Through gritted teeth
It's been a bit hard writing to this journal lately, because I wasn't sure about sharing what really was on my mind. After all once something is out there is bits and bytes there will always be a way to retrieve it. There's no going back, and eventually too much honesty will surely just blow up in my face.
Anyway, readers with a keen eye to details should already have asked themselves: if the first posts from Japan are dated from April 2004 and the scholarship is for 5 years then what the hell is he still doing over there?
Well, the reason is that I have failed. At the end of my eighth semester I didn't have the required number of credits to graduate.
Just writing this down is hard, because I wasn't thinking of myself as a person who couldn't finish university on time. When it came to studies I was considered smart, successful. Well that's the past, so now I feel very angry - mostly at myself - and terribly awfully ashamed. Not wanting to look people in the eye ashamed. (Good thing there's this site and I don't actually have to talk to anyone.)
After all many have overcame this obstacle before. And not even with substantial hardships at that. I can visualise their gloating faces and the I told you sos quite well. I shudder at the thought of becoming the anecdotical example reminding the future generations who come here to study what to avoid.
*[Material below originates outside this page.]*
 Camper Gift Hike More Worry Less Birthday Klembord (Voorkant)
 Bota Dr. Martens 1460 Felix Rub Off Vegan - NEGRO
But really, how did it come to this?
I could put the blame on external causes. In general, Japan as a country and its inhabitants as individuals have never really warmed up to the non-Japanese. I have always been viewed as the unwanted problematic foreigner in classes and never received much help or encouragement from the professors. Rather some had me failed just on the account of being a nuisance. In addition to that the credit system is one of the strictest here in Kobe, with not much room for mistakes, at least compared to other Japanese universities. I couldn't just take a lot of classes in hopes of passing at least a good number of them because there is a limit on how many credits a student can take per year. This limit - while more than enough for the Japanese - can be problematic if we take into account the fact that I am not quite fluent in the language just yet. Of course this has never been seen as an issue by the administration, not even when I asked if I could try and take a few extra credits' worth of classes in my last semester. Rules are rules and they won't be bent for some filthy gaijin.
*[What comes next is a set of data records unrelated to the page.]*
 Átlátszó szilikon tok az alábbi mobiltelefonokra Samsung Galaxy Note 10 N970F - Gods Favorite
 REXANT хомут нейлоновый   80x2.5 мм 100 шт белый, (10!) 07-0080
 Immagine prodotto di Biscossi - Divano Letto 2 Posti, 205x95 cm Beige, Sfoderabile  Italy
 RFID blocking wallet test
At the end of the day however none of these matter and I can only blame myself. I applied for the scholarship. No one forced me. I knew it was not going to be a walk in the park. I knew that I shouldn't have been lazy about certain classes, that I should have just forced myself to sit down and study all night if I had to. I should have taken the first year of language studies a lot more seriously. I shouldn't have lost credits to absolutely stupid things like mistaking the day of the exam. I probably should have made more friends, especially with locals. Because now everyone else I knew finished and went home and I am here pretty much alone. I was even told I should have had a Japanese girlfriend: if anything that would have had a great effect on my language skills.
I didn't do any of the above and now I'll have to stay in Kobe for another semester. To make matters worse naturally the scholarship is over, I won't receive a penny anymore. I'll have to pay tuition and living expenses. And by 'I' I mean my parents of course. Ironically the recent changes in exchange ratios just doubled these costs. More reason to feel contrite.
But there isn't anything else I could do. I am not about to just drop out and fill shelves in a supermarket. Even though when I finish, if I finish, prospects won't be much better. At the age of 26 a simple BA degree is hardly impressive. Of course with no agreement between Hungary and Japan this degree will worth exactly nothing at home, as if I didn't have one.
Well, least I have seen a part of the world most people will never, I guess.